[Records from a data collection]
────────

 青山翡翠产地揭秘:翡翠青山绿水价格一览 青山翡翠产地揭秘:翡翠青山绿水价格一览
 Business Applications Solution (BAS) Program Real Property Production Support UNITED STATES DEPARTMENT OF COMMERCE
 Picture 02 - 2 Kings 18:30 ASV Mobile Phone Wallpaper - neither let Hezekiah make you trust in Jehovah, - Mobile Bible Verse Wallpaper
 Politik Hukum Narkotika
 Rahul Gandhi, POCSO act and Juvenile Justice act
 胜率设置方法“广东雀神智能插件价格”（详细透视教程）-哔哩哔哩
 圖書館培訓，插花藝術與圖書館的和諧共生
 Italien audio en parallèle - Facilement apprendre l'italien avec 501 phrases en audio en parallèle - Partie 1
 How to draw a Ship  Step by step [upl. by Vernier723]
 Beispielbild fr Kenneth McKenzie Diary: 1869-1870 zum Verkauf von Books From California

────────

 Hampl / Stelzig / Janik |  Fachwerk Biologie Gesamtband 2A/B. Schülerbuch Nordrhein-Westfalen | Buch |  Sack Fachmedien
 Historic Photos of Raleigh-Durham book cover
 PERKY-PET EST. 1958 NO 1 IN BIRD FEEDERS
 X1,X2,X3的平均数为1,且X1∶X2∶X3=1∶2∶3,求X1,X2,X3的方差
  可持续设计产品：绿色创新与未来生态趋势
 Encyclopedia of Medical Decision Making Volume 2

────────

**Assigned task**
From the data above, reproduce word for word the lines running from the line with "Business Applications Solution" to the line with "Beispielbild fr Kenneth", ends included.

**Result below**
 Business Applications Solution (BAS) Program Real Property Production Support UNITED STATES DEPARTMENT OF COMMERCE
 Picture 02 - 2 Kings 18:30 ASV Mobile Phone Wallpaper - neither let Hezekiah make you trust in Jehovah, - Mobile Bible Verse Wallpaper
 Politik Hukum Narkotika
 Rahul Gandhi, POCSO act and Juvenile Justice act
 胜率设置方法“广东雀神智能插件价格”（详细透视教程）-哔哩哔哩
 圖書館培訓，插花藝術與圖書館的和諧共生
 Italien audio en parallèle - Facilement apprendre l'italien avec 501 phrases en audio en parallèle - Partie 1
 How to draw a Ship  Step by step [upl. by Vernier723]
 Beispielbild fr Kenneth McKenzie Diary: 1869-1870 zum Verkauf von Books From California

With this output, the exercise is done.